Jumat, 12 Februari 2027
Puasa yang Sampai ke Tetangga
Ada orang berpantang gula tetapi kata-katanya tetap pahit. Ada yang tidak makan daging tetapi tega memotong upah pekerja. Puasanya jalan, hidupnya tidak ikut.
Keluhan semacam itu ternyata setua kitab Yesaya. Umat protes: mengapa kami berpuasa dan Engkau tidak memperhatikannya? Jawaban Tuhan telak: pada hari puasamu engkau masih tetap mengurus urusanmu dan mendesak-desak semua buruhmu. Bahkan berpuasa sambil berbantah dan berkelahi.

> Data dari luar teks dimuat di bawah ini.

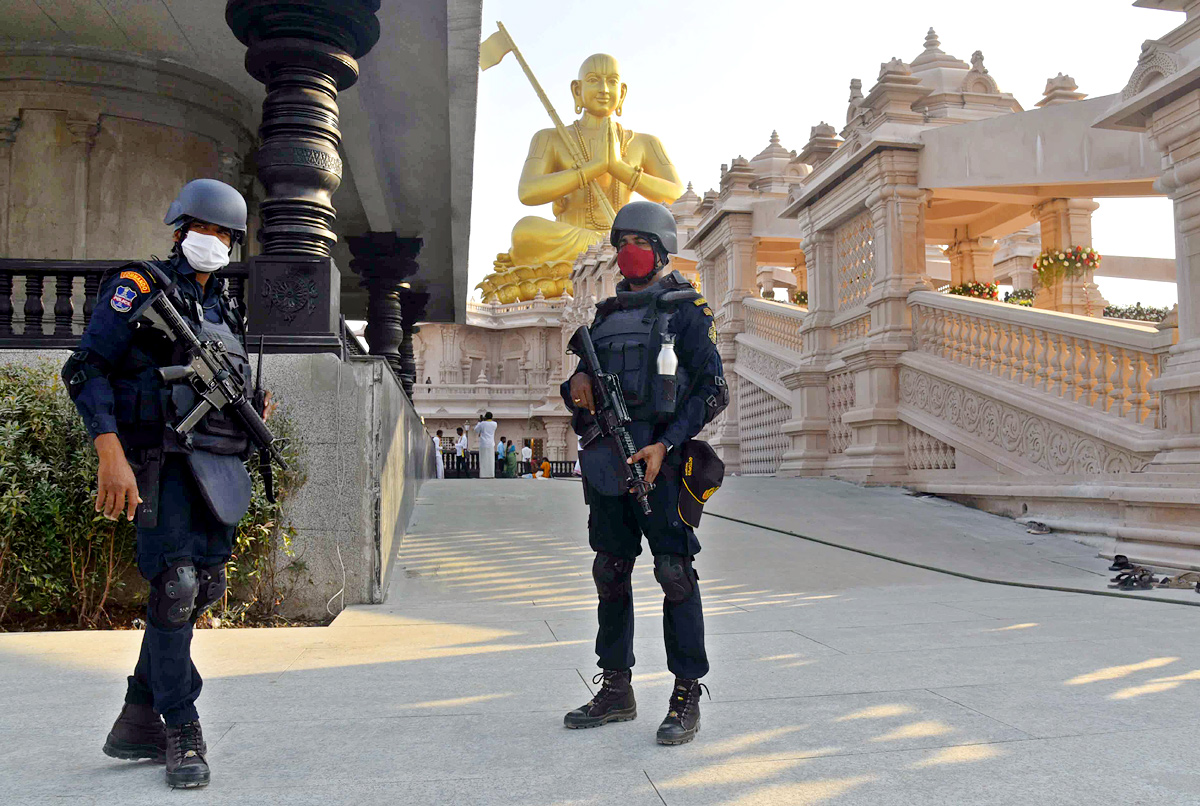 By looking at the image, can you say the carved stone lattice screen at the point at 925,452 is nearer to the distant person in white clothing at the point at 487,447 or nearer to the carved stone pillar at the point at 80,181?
the carved stone pillar at the point at 80,181

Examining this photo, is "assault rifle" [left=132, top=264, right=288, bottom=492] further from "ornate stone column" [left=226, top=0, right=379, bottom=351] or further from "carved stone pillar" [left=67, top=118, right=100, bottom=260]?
"carved stone pillar" [left=67, top=118, right=100, bottom=260]

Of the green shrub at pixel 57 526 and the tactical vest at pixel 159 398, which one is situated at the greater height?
the tactical vest at pixel 159 398

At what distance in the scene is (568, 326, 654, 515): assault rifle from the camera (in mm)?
3178

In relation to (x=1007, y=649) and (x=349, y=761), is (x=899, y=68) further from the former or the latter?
(x=349, y=761)

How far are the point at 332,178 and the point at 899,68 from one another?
8.87m

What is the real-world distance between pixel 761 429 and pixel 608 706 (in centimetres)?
1416

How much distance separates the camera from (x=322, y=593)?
5676mm

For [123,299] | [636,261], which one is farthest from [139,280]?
[636,261]

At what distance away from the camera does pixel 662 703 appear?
350cm

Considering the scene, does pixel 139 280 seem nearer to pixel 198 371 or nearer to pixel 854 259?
pixel 198 371

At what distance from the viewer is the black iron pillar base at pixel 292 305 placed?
5859 millimetres

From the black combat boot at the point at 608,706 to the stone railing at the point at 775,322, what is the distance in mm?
12897

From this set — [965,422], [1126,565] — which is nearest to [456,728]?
[1126,565]

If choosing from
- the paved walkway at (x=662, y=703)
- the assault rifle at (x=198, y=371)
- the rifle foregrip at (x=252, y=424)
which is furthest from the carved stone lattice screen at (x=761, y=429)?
the assault rifle at (x=198, y=371)
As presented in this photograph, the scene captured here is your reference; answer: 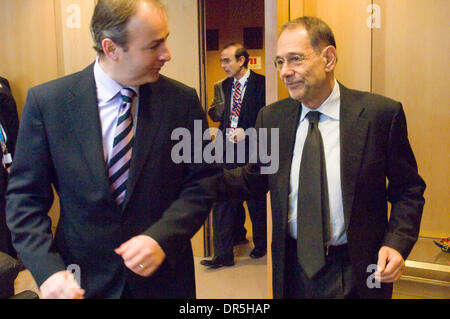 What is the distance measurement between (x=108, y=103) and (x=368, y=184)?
859 millimetres

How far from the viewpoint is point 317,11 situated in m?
3.04

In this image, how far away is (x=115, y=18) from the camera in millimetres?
1348

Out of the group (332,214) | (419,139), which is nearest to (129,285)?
(332,214)

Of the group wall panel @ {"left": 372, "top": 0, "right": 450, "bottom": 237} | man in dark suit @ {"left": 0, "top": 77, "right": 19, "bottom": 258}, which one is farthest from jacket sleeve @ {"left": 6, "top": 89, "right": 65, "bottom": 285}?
man in dark suit @ {"left": 0, "top": 77, "right": 19, "bottom": 258}

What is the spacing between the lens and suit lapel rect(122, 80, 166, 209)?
1.33m

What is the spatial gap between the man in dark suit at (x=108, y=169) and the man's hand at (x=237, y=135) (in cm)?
248

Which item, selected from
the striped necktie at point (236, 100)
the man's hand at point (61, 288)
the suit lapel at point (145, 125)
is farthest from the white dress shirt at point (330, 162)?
the striped necktie at point (236, 100)

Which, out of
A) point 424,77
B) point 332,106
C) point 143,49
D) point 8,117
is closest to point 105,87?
point 143,49

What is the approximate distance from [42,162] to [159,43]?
0.47 meters

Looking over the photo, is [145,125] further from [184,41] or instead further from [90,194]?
[184,41]

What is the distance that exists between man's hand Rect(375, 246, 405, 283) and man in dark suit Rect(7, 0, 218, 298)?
575mm

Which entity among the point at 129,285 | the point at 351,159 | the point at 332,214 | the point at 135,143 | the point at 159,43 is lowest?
the point at 129,285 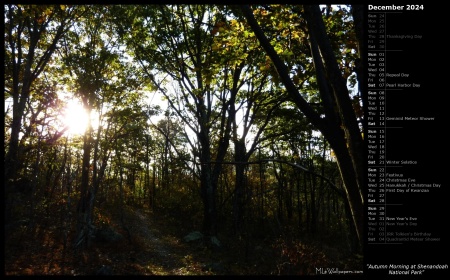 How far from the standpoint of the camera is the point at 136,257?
48.7ft

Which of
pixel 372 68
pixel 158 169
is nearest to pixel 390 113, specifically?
pixel 372 68

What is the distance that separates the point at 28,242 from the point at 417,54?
1690 centimetres

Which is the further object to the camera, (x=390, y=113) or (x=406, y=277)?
(x=390, y=113)

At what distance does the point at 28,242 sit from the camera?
14180mm

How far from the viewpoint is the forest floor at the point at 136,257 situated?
11234 millimetres

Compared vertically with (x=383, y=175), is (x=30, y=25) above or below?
above

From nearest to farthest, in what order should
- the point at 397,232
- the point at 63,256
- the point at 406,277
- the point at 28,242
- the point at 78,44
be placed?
1. the point at 406,277
2. the point at 397,232
3. the point at 63,256
4. the point at 28,242
5. the point at 78,44

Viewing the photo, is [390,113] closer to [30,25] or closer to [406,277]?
[406,277]

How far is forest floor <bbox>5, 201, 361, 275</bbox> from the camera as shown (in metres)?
11.2

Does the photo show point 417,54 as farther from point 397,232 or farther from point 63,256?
point 63,256

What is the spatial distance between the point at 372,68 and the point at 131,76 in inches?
684

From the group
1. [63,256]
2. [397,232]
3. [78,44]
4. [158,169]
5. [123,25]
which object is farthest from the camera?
[158,169]

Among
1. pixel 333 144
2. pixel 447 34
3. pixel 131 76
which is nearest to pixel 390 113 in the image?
pixel 333 144

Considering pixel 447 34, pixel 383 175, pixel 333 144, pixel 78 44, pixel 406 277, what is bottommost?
pixel 406 277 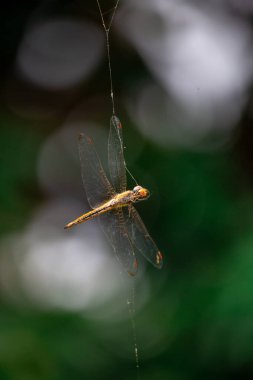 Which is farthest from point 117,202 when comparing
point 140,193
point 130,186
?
point 130,186

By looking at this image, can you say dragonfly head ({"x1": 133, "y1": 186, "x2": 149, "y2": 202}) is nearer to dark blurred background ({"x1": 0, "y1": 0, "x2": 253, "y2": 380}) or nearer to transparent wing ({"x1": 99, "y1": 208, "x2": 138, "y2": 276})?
transparent wing ({"x1": 99, "y1": 208, "x2": 138, "y2": 276})

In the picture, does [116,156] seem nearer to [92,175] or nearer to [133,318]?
[92,175]

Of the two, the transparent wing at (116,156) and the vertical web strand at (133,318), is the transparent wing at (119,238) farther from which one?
the vertical web strand at (133,318)

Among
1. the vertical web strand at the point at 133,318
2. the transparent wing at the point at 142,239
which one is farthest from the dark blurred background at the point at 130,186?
the transparent wing at the point at 142,239

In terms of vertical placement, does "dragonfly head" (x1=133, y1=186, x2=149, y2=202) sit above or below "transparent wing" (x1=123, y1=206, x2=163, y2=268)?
above

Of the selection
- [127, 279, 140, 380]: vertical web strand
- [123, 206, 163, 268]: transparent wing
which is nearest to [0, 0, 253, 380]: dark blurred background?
[127, 279, 140, 380]: vertical web strand

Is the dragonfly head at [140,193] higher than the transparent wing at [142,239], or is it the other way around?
the dragonfly head at [140,193]

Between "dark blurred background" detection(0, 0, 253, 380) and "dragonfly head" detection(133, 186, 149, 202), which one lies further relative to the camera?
"dark blurred background" detection(0, 0, 253, 380)

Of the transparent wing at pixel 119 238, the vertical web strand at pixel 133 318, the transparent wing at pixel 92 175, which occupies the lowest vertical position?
the vertical web strand at pixel 133 318

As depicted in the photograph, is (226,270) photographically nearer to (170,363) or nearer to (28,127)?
(170,363) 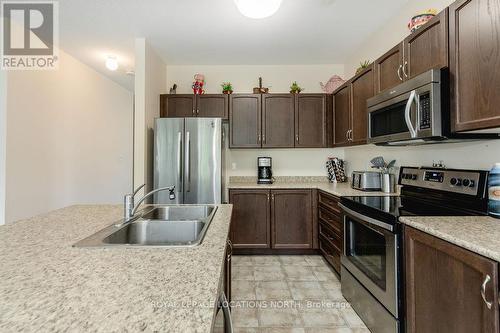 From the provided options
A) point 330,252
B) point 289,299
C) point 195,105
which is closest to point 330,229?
point 330,252

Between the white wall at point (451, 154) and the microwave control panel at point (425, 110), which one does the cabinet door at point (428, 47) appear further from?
the white wall at point (451, 154)

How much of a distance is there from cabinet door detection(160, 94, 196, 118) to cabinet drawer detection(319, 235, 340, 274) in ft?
7.37

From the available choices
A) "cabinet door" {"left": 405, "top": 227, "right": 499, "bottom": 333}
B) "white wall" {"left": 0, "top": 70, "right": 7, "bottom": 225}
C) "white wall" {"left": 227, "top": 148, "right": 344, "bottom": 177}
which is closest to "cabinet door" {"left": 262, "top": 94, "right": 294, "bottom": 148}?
"white wall" {"left": 227, "top": 148, "right": 344, "bottom": 177}

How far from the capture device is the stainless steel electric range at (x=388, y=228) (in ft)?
4.85

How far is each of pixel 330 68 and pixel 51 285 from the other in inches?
155

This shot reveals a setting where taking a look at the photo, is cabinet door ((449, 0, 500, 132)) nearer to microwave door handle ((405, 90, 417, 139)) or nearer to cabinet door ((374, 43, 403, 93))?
microwave door handle ((405, 90, 417, 139))

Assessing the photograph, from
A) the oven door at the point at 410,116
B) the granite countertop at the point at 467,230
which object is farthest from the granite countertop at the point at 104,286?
the oven door at the point at 410,116

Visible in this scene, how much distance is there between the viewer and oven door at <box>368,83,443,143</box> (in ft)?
4.91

Puasa itu berhenti di perut, tidak sampai ke tangan, tidak sampai ke tetangga. Ibadahnya berhenti di pintu rumah sendiri.
Lalu Tuhan menyebut puasa yang dikehendaki-Nya, dan daftarnya mengejutkan: membuka belenggu kelaliman, memerdekakan orang teraniaya, memecah roti bagi yang lapar, membawa pulang orang miskin yang tidak punya rumah. Puasa sejati bukan soal apa yang tidak masuk ke mulut kita, melainkan apa yang keluar dari tangan kita. Perut boleh kosong, asal tangan penuh. Barulah, kata Yesaya, terangmu akan merekah seperti fajar.
Yesus menambahkan satu kunci: puasa adalah soal rindu kepada Sang Mempelai, bukan pameran dukacita. Ketika Mempelai itu terasa jauh, di situlah puasa menemukan artinya.
Puasa kita tahun ini, siapa yang ikut merasakan buahnya selain diri kita sendiri?
Tuhan, jadikanlah puasaku roti bagi orang lapar, bukan sekadar lapar bagi diriku sendiri. Amin.